*Input records*:
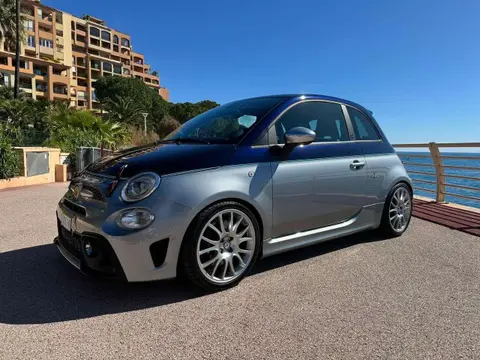Annonce ABARTH 695 Essence 2018 d'occasion Italie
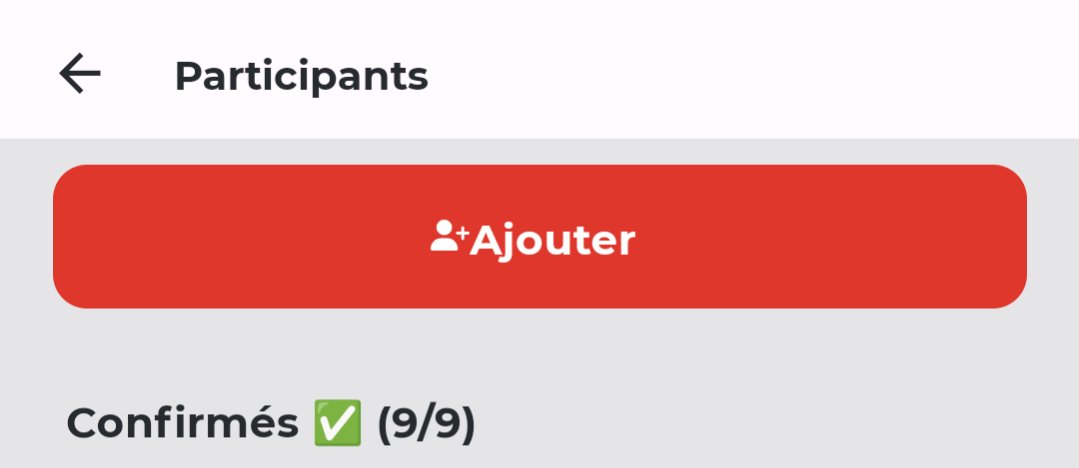 Déjà 9 équipes inscrites 🔥🔥🔥🔥🔥🔥 c'est top !

Pour la peine, on prolonge les inscriptions pour la saison 3 jusqu'à demain mercredi 11 juin à 18j00 🇸🇳.

#BouNékhéRekYeineLa
#LetsGoo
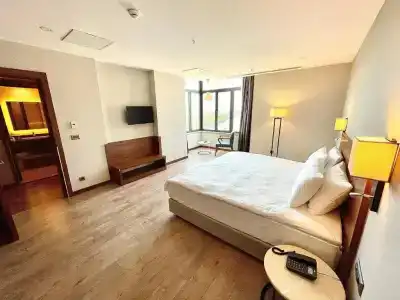 Türkmen Riverside Adana - 40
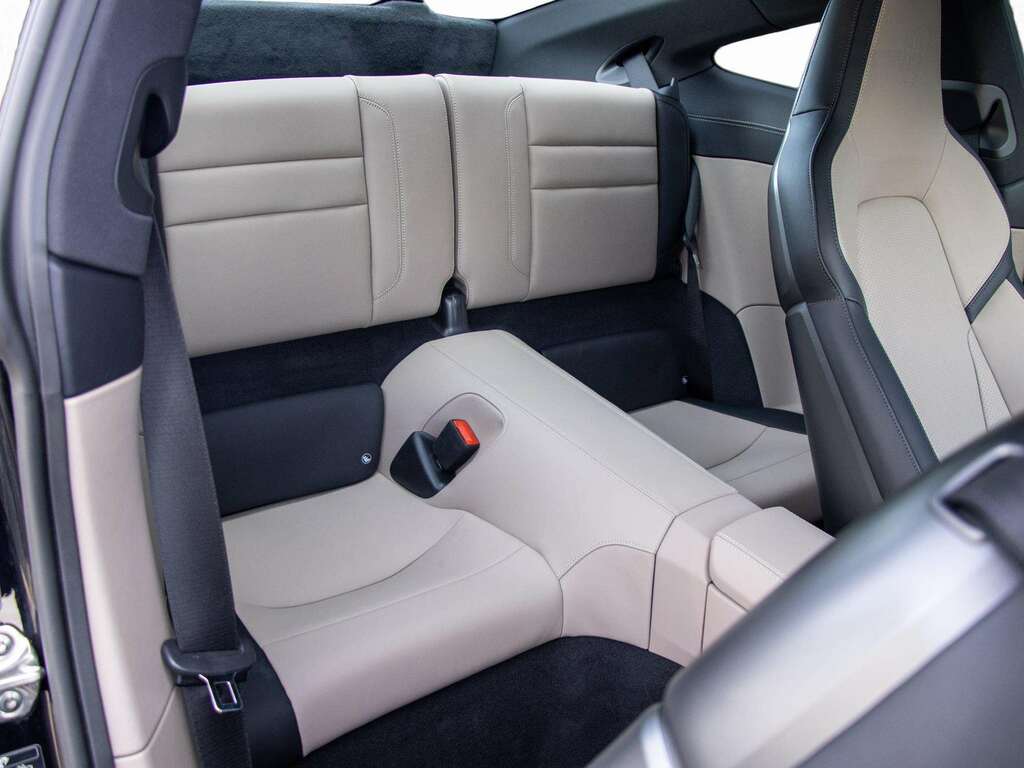 Porsche 911 3.0T 992 Carrera Pdk Euro 6 Ss #19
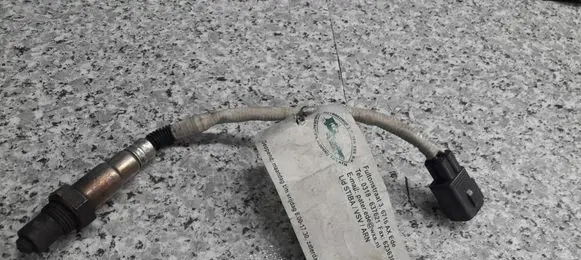 Citroen C1 Lambda probe sensor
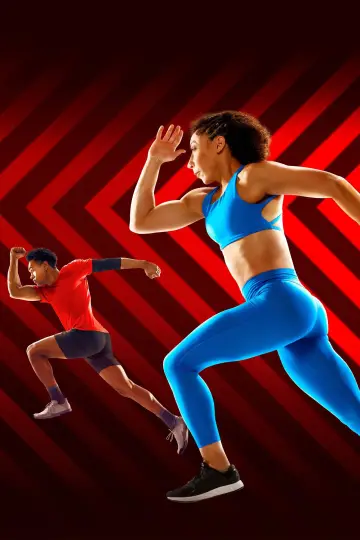 Poster к сериалу "American Ninja Warrior" #1368287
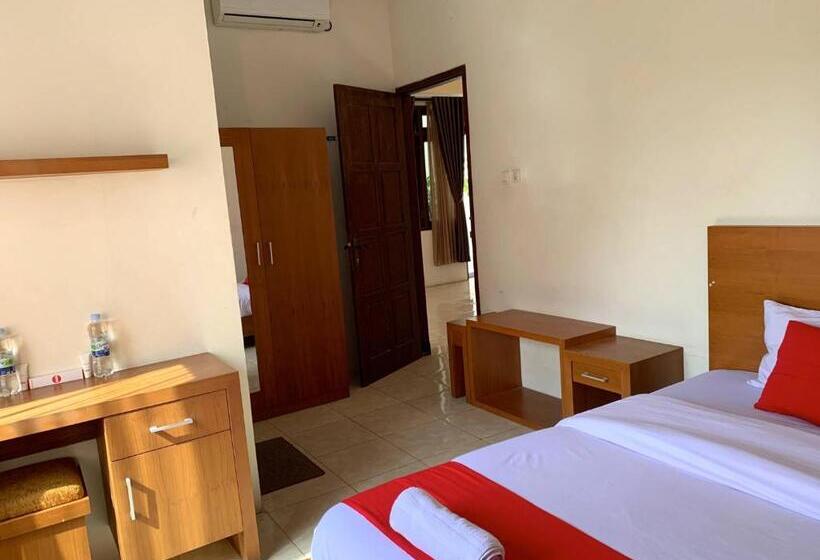 Family Suite, De Gadri Ndalem Yogyakarta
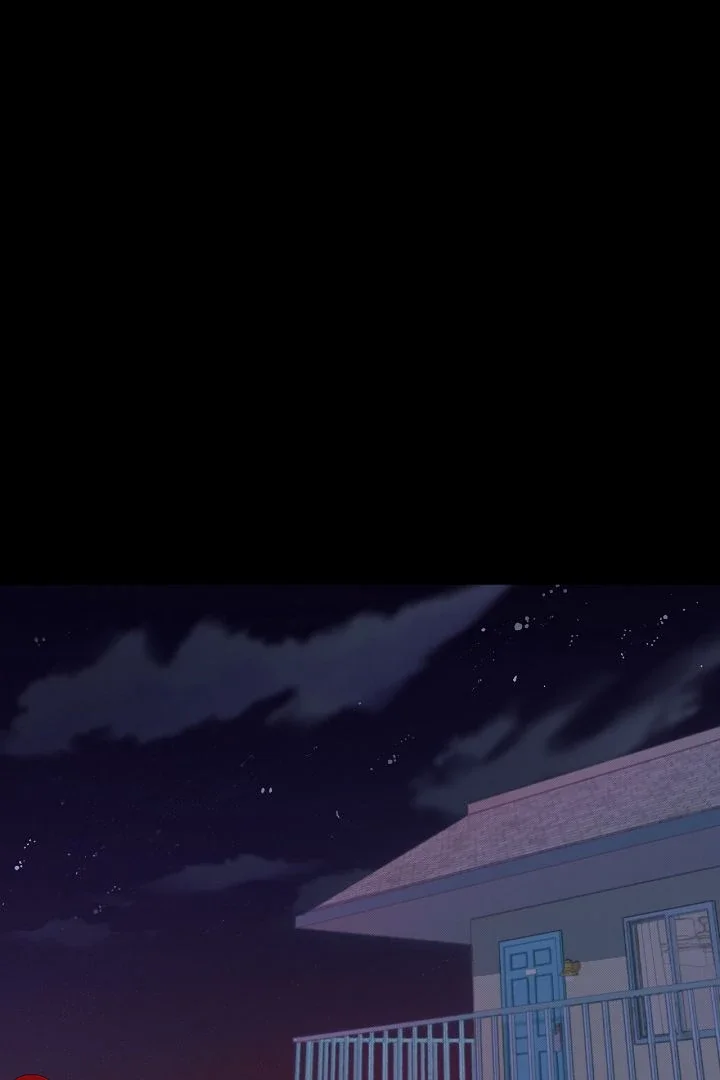 Amber Alert - Chapter 5 Page 1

*Your objective*: Word-for-word restatement: every line from the one with "Türkmen Riverside Adana - 40" through the final line of the data, both ends included, pictures excluded.

*Output for this task*:
 Türkmen Riverside Adana - 40
 Porsche 911 3.0T 992 Carrera Pdk Euro 6 Ss #19
 Citroen C1 Lambda probe sensor
 Poster к сериалу "American Ninja Warrior" #1368287
 Family Suite, De Gadri Ndalem Yogyakarta
 Amber Alert - Chapter 5 Page 1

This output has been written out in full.